Ahora, permítame añadir que la segunda razón para empezar mi reseña en primera persona ha sido la de dialogar de oficio a oficio, de género a género, de crítica a narrativa: a fin de cuentas, hay varias referencias muy divertidas, crueles como corresponde (e incluso menos de lo que corresponde), a la crítica literaria en las páginas de Ortuño. A mí, como lector y crítico, me parece que las estrategias que el autor utiliza para explicar su necesidad de escribir son de una honestidad paradójica muy valiosa. Son estrategias que me animan a escribir, es decir a conversar con estas páginas. Y eso es lo más sustancial que puedo decir de un libro.

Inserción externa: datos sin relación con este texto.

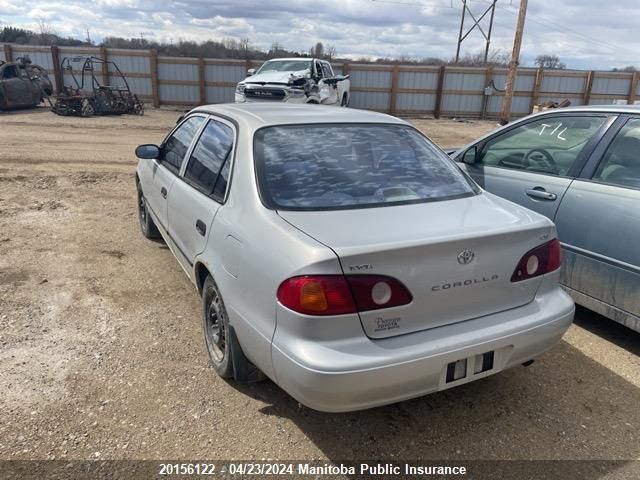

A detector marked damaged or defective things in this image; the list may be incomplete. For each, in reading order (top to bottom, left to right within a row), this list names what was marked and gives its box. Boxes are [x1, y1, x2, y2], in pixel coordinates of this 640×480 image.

rusted car body [0, 57, 52, 110]
white damaged car [234, 57, 348, 106]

En los primeros momentos de sus levísimas ciento diez páginas, La vaga ambición demuestra que va a leerse con alegría, pero no exhibe todas sus cartas, o lo hace con tanta sutileza que el lector necesitará ver todo el tejido acabado para darse cuenta de lo que ha hecho Ortuño. Porque los relatos avanzan aludiendo a un padre catastrófico, un matrimonio en el alambre (como todos, se entiende), algunos bolos de escritor que permiten asomarse al lado ridículamente vanidoso del mundillo, una vida laboral y económica en otro alambre (como casi todas, se sabe), una sátira de las series de televisión como nueva lengua koiné de las Anteriormente Llamadas Humanidades... En fin, una mezcla de comedia y amargura cotidiana muy recurrente en la cuentística contemporánea, ejecutada con un sentido impecable del ritmo y de la sutileza en el encaje de las piezas. Ahora bien, al principio las alusiones al escritor como mentiroso o preservador de la memoria de las víctimas (en un episodio que me recordó, pese a la sideral distancia estilística y conceptual, a Nefando de Mónica Ojeda) resultan correctas e incluso emocionantes, pero también un poco epigonales, leídas antes muchas veces.

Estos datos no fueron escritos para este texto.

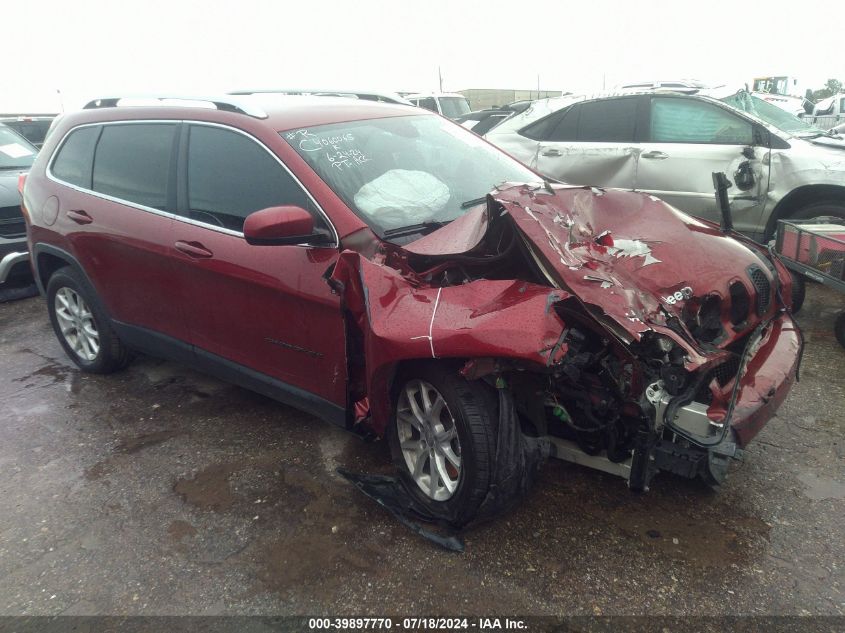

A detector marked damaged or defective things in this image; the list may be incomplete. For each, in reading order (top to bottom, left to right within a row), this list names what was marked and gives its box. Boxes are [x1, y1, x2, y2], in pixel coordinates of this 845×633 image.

damaged vehicle nearby [484, 90, 844, 243]
damaged vehicle nearby [19, 94, 796, 524]
crumpled hood [494, 185, 780, 344]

Y por supuesto, casi todo lo hemos leído antes muchas veces; lo de Ortuño y lo de cualquiera. Pero relato a relato, hay inflexiones en su discurso que le acaban confiriendo una energía insospechada a su mirada sobre la escritura.

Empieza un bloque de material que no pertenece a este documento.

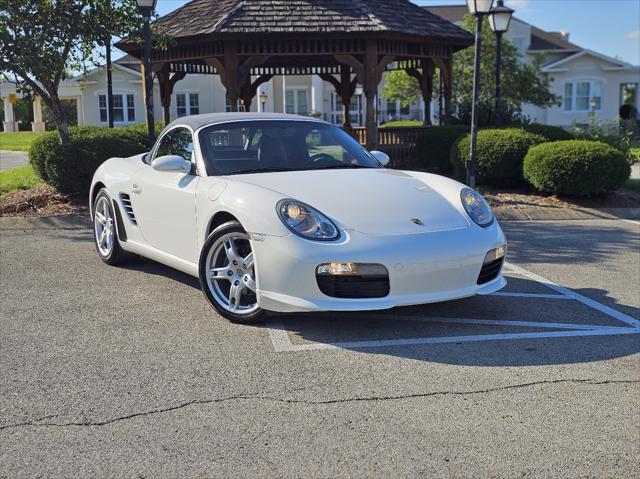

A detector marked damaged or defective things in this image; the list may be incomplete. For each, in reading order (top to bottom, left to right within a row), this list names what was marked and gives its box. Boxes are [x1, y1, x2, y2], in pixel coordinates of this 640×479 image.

El lector acaba entendiendo que el ritmo con el que la cuestión se ha ido revelando es deliberado y elegante. Así, en la recreación de la infancia y la adolescencia se originan las constantes que acompañan al narrador: una mezcla de culpa y responsabilidad en su escritura, de orgullo y rabia que se mezclan con la compasión. Ese narrador, que da clases y charlas sobre narrativa, se empeña en considerar que lo que hace al escribir es mentir. "Yo lo llamo mentir", insiste, y no "dar sentido". Por eso, cuando en las últimas páginas del libro el tono se vuelve casi épico, equiparando la escritura a una guerra incardinada en la lucha social ("son hermosos si son pobres y escriben, como hice yo, desde el rencor. Y son maravillosos si son ricos y quieren librar la guerra de clases en la trinchera equivocada"), el lector entiende de pronto que solo se puede mentir con tanta intensidad cuando el mentiroso es el primero que desea fervientemente creerse la mentira. Y solo cabe tanta convicción en la mentira cuando al mentiroso lo anima la convicción de que aquello que dice merecería ser verdad.
Por todo ello, pero también por su reflexión lateral sobre la sustitución del autor por la audiencia, y finalmente porque se lee al trote, La vaga ambición merece que yo no lo publicite, sino que usted y yo y estas páginas conversemos un rato.